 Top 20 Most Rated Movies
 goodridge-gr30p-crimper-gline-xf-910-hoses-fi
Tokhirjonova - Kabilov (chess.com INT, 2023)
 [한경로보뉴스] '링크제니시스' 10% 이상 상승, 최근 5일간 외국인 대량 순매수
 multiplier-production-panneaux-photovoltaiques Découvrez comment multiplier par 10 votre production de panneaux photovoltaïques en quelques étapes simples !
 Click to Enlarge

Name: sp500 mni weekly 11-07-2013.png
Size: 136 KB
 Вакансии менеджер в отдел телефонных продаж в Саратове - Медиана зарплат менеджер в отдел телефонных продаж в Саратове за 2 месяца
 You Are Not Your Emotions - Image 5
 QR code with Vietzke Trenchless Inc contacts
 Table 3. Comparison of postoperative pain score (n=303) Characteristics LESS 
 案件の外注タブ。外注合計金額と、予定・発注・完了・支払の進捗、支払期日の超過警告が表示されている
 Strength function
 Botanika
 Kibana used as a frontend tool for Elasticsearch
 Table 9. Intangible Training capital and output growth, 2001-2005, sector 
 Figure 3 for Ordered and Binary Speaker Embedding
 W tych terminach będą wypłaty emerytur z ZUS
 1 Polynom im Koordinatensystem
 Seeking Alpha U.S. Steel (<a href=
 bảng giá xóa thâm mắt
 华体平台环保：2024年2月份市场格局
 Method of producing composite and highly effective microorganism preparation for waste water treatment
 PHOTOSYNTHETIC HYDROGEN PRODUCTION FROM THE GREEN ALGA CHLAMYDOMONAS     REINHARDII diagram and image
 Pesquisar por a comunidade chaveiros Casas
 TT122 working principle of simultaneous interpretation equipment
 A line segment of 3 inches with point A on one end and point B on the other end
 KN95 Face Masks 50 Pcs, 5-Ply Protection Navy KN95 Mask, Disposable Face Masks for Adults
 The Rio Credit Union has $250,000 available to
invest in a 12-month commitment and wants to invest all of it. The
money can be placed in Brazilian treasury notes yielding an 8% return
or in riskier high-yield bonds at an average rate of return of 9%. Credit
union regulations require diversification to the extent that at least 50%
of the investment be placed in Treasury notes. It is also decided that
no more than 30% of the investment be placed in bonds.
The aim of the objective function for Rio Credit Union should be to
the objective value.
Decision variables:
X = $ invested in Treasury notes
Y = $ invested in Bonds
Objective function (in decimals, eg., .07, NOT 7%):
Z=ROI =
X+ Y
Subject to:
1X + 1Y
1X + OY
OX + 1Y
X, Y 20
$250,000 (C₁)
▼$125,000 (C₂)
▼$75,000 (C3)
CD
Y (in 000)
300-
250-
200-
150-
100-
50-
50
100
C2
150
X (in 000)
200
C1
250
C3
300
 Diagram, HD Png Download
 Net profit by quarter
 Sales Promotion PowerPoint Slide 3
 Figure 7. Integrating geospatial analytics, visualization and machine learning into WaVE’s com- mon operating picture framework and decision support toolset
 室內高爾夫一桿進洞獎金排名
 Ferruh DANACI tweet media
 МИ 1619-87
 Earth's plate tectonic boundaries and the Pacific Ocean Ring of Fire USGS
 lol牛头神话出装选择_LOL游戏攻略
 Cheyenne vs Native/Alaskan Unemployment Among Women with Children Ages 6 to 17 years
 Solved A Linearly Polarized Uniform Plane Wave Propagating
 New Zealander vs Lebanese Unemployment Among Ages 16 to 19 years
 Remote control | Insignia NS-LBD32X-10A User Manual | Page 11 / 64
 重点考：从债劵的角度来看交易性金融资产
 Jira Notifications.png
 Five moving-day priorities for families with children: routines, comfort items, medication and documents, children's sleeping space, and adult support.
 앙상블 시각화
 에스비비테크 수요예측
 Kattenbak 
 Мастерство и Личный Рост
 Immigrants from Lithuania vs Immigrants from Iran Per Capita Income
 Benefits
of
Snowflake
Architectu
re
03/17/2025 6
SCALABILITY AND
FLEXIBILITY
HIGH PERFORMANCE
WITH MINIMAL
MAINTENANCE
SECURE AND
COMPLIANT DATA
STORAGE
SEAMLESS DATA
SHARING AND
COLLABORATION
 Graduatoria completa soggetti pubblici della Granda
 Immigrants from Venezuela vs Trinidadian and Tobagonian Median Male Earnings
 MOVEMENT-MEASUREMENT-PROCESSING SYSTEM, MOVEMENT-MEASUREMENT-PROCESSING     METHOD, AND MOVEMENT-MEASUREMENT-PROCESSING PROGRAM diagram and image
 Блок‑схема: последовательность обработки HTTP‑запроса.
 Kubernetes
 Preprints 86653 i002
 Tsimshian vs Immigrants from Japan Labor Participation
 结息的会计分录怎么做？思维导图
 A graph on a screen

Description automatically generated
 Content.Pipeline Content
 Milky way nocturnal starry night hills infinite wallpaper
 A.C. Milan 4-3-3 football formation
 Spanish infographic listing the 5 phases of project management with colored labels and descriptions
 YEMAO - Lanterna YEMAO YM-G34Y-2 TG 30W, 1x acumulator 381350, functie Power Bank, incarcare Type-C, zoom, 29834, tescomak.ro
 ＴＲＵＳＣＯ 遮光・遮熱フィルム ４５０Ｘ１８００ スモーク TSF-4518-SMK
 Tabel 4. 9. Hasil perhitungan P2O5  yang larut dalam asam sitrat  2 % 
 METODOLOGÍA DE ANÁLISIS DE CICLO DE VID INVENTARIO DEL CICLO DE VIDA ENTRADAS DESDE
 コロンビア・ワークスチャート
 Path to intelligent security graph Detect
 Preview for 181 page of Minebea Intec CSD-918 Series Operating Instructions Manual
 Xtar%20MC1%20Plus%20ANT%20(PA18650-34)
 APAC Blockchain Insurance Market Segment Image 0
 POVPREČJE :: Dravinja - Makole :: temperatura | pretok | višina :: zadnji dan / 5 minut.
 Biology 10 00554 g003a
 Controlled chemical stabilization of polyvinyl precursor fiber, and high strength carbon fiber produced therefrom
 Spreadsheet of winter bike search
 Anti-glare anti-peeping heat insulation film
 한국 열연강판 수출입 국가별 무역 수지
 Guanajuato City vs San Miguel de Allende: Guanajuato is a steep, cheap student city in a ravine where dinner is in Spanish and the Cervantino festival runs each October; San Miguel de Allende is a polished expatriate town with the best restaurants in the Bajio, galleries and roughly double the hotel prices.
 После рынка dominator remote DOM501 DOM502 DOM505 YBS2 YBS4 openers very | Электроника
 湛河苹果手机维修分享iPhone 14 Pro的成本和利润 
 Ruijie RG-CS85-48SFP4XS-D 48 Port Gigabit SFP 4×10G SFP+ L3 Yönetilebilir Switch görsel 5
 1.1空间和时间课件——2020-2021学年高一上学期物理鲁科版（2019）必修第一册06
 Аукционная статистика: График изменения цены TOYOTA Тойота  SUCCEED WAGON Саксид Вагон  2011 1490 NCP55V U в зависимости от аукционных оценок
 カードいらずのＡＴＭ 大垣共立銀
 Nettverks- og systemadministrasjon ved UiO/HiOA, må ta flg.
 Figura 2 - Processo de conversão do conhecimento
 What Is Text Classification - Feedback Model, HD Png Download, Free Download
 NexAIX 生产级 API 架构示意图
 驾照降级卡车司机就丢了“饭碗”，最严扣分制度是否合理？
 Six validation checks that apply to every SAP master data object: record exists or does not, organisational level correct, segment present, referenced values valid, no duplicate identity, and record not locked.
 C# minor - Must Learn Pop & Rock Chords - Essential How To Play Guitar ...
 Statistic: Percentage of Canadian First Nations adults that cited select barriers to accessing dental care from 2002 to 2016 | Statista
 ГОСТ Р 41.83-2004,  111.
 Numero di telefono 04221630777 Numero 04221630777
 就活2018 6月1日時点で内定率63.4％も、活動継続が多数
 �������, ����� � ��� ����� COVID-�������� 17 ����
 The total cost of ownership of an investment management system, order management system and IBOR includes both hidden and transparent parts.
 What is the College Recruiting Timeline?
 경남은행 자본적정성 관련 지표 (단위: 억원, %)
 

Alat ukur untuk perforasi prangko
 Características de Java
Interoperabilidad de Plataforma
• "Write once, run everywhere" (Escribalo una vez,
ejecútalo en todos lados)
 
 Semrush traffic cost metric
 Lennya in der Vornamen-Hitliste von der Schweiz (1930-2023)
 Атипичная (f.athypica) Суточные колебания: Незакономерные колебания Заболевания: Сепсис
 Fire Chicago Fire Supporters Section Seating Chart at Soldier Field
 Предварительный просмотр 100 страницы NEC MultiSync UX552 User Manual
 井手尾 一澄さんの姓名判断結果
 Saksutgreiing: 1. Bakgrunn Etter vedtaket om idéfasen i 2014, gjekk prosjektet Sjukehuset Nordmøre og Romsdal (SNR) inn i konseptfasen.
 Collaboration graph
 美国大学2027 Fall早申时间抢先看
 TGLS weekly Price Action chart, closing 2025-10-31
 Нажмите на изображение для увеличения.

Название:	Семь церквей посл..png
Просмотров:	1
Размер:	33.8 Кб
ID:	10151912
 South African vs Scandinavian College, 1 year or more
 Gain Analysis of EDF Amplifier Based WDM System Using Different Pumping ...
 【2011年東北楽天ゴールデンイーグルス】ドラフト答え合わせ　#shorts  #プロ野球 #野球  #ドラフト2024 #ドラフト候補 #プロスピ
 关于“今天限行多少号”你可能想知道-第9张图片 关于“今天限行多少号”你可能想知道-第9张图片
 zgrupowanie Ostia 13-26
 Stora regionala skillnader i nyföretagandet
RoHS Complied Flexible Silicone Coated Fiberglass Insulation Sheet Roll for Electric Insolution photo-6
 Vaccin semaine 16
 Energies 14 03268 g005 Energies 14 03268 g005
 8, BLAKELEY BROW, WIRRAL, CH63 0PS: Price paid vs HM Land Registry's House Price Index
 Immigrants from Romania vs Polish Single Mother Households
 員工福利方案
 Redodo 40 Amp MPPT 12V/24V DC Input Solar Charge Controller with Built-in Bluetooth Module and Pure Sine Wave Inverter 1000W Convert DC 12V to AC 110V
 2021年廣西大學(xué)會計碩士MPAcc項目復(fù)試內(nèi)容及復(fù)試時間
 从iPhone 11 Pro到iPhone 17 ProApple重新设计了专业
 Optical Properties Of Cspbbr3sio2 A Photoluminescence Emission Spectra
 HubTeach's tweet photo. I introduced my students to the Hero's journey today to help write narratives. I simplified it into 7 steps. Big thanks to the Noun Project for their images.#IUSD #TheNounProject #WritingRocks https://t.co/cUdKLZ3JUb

· · · · ·

Activity: Beginning with the line that has "에스비비테크 수요예측" and ending with the line that has "Immigrants from Venezuela", set down the lines above exactly and include no others.

Solution:
 에스비비테크 수요예측
 Kattenbak 
 Мастерство и Личный Рост
 Immigrants from Lithuania vs Immigrants from Iran Per Capita Income
 Benefits
of
Snowflake
Architectu
re
03/17/2025 6
SCALABILITY AND
FLEXIBILITY
HIGH PERFORMANCE
WITH MINIMAL
MAINTENANCE
SECURE AND
COMPLIANT DATA
STORAGE
SEAMLESS DATA
SHARING AND
COLLABORATION
 Graduatoria completa soggetti pubblici della Granda
 Immigrants from Venezuela vs Trinidadian and Tobagonian Median Male Earnings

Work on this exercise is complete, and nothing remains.